Patients who have a normal MRI of the brain are kept under regular follow-up. These patients should undergo surveillance MRI (at least annually at first) to look for the development of white matter lesions, as the ONTT showed even this cohort has a 22% risk of developing MS. Patients with 1 or more lesions are counseled regarding the pros and cons of immunomodulator therapy and kept under close follow-up with serial monitoring of MRI scans .
We avoid treating those with a greater chance of benign course (i.e., those with a low expanded disability status scale (EDSS)[51
] score at 5 years and/ or a low attack rate and little accumulation of MRI lesions early in the disease course), a low chance of benefit (i.e., patients with established progressive disease without clinical or radiological markers of ongoing inflammatory disease); and those with an indeterminate prognosis (e.g., CIS or early relapsing-remitting MS with infrequent mild attacks and a favorable prognostic profile).

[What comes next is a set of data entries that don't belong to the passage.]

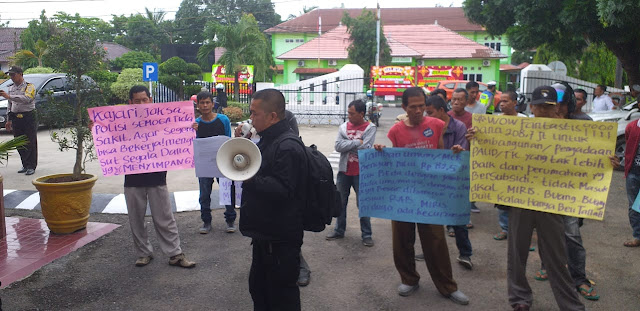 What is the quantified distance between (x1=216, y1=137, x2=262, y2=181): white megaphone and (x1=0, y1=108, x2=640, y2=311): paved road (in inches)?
65.8

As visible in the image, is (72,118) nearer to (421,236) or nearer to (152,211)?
(152,211)

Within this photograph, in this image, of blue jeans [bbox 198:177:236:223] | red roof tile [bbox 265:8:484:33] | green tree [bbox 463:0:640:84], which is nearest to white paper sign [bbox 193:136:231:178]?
blue jeans [bbox 198:177:236:223]

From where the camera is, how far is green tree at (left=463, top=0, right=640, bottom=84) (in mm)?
8742

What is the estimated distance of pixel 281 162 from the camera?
311cm

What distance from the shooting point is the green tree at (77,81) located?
19.2ft

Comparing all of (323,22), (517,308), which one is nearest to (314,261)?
(517,308)

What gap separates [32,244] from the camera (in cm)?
580

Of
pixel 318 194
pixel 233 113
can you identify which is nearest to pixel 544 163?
pixel 318 194

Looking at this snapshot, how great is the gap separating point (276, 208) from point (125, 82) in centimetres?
2339

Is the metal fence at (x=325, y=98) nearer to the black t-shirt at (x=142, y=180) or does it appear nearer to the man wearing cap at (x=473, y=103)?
the man wearing cap at (x=473, y=103)

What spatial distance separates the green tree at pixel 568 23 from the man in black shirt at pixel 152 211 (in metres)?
7.54

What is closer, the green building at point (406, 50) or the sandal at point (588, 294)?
the sandal at point (588, 294)

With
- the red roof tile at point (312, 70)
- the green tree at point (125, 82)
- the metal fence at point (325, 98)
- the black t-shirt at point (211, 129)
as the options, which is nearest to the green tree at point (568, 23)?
the metal fence at point (325, 98)

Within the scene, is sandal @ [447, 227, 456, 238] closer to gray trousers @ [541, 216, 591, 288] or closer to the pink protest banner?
gray trousers @ [541, 216, 591, 288] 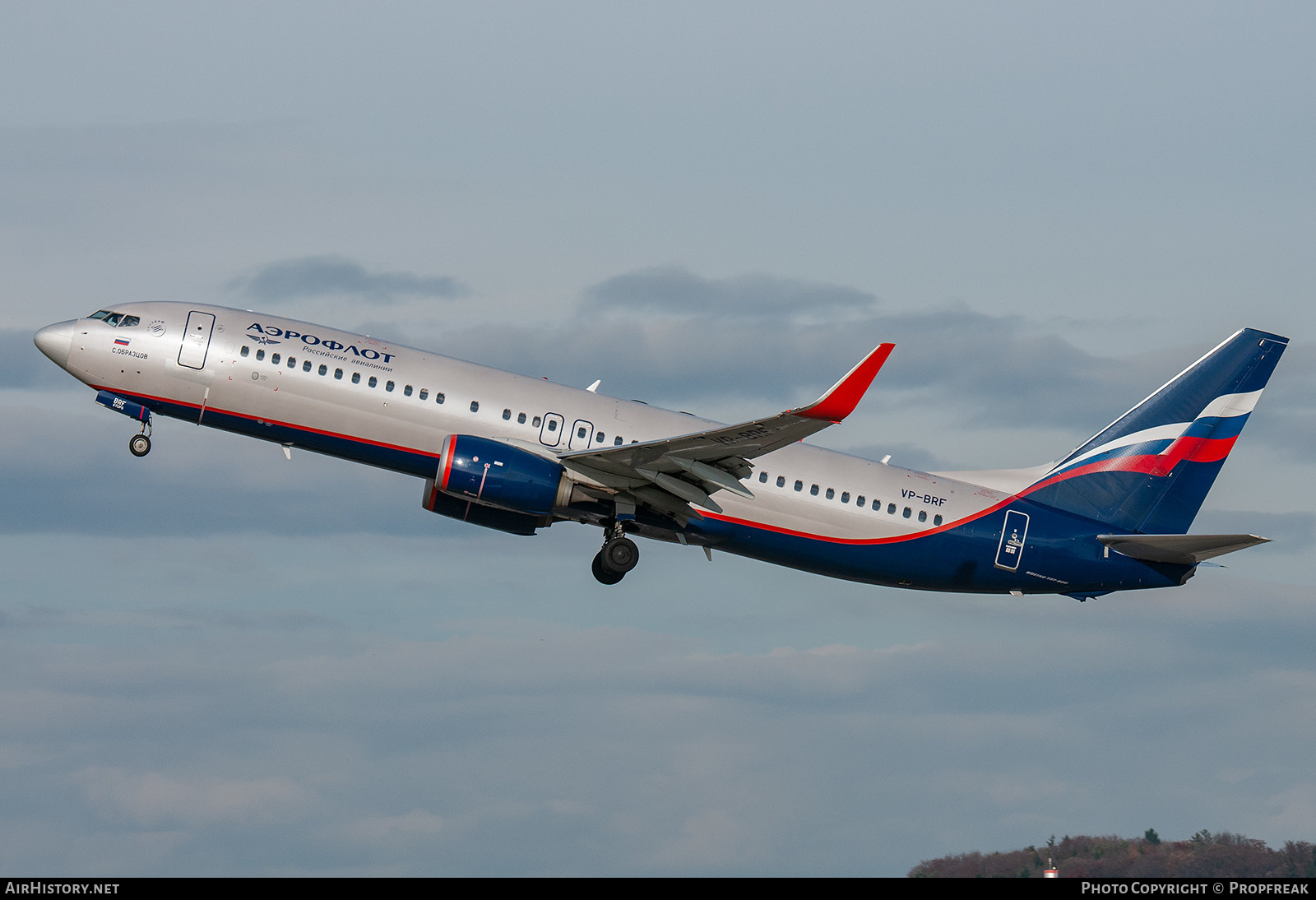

The risk of MS is much lower in children than in adults. One large, retrospective study found the cumulative risk of developing MS (the study predated the McDonald criteria) was 13% at 10 years and 19% by 20 years.[52
] Besides, use of immunomodulatory therapies to reduce the risk of MS has not been well studied in children. Hence children with optic neuritis, most often bilateral and of viral etiology, are treated with intravenous steroids.